# Let's see those LE thunder chickens!!



## utahbigbull (May 9, 2012)

Me and my wife had a fun weekend in N Utah. She was my main priority for getting a bird. Maybe next weekend, I hope. She had a couple chances Saturday and didn't connect. After we had the first flock come in, we had a second flock get to 30 yards. My wife had a good solid shot, but refused to take it. She didn't want to take it because she wanted to see me get one with a bow. I had two misses with my bow at 40 yards. One left with out his breast feathers haha.

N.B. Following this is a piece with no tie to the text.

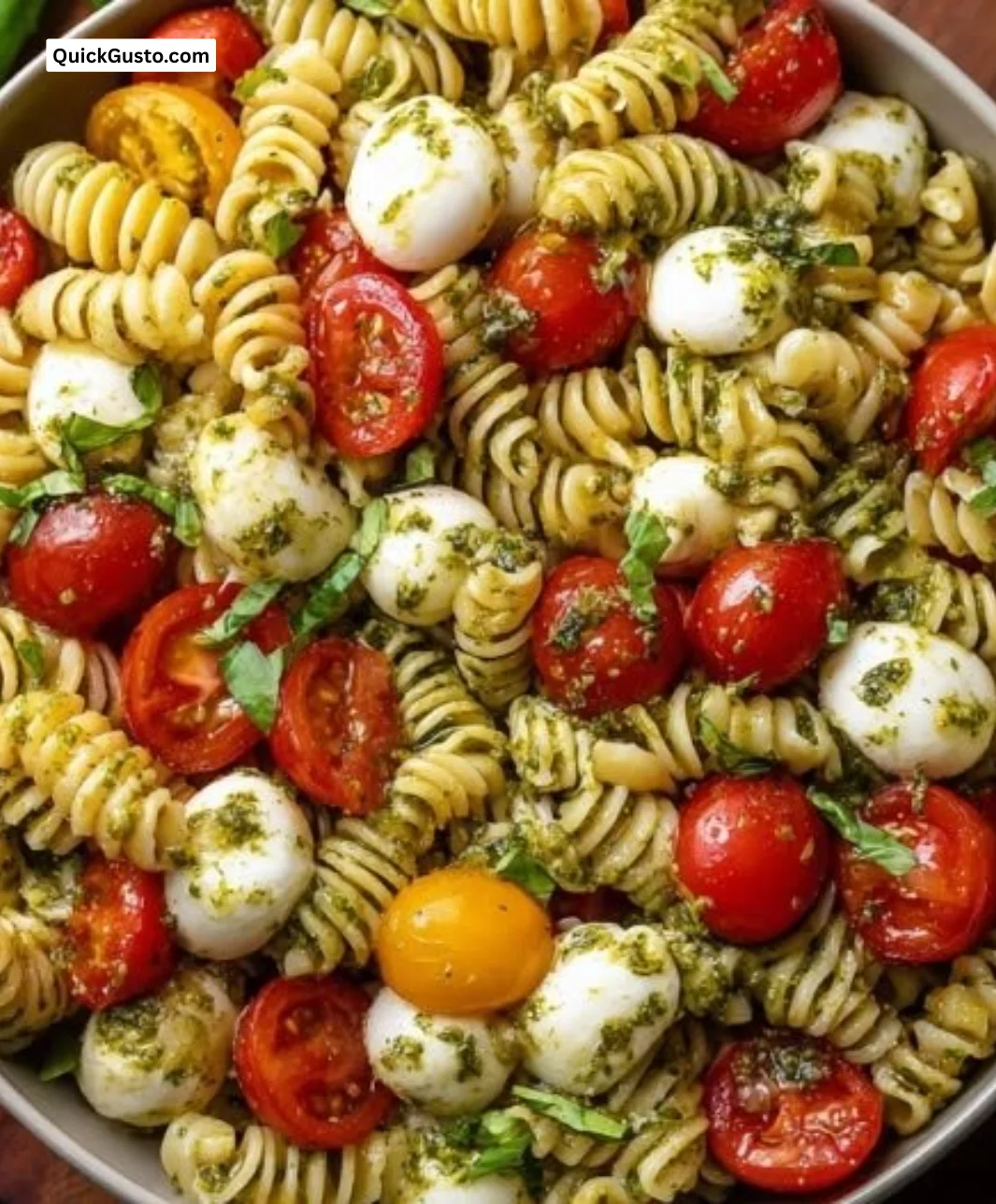 Delicious Caprese Pasta Salad with tomatoes, mozzarella, and fresh basil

So anyways, I decided to head back up today and my wife couldn't make it. This time I took the A5. It was a cold morning as they were dead quiet and stayed in the roost for a good hour latter than yesterday. I finally had a flock come in un announced and picked this guy off with a 9" beard. I guess the bright side is now we can concentrate on filling my wife's tag next weekend. Good luck guys, lets see pics and stories of your birds.


----------



## goofy elk (Dec 16, 2007)

Opening day...Youngest boy and I both pulled the trigger!


----------



## outdoorser (Jan 14, 2013)

Sweet


----------



## katorade (Sep 23, 2007)

Opening Day


----------



## hawglips (Aug 23, 2013)




----------



## toasty (May 15, 2008)

Hal, those are some beautiful Merriams. It is a good year for LE turkeys for sure.


----------



## hunter24 (Oct 20, 2010)

we killed 4 out of the 5 tags we had


----------



## Redman82 (Apr 12, 2012)

*Wife finally connected*

After 6 trips my wife finally filled her tag.


----------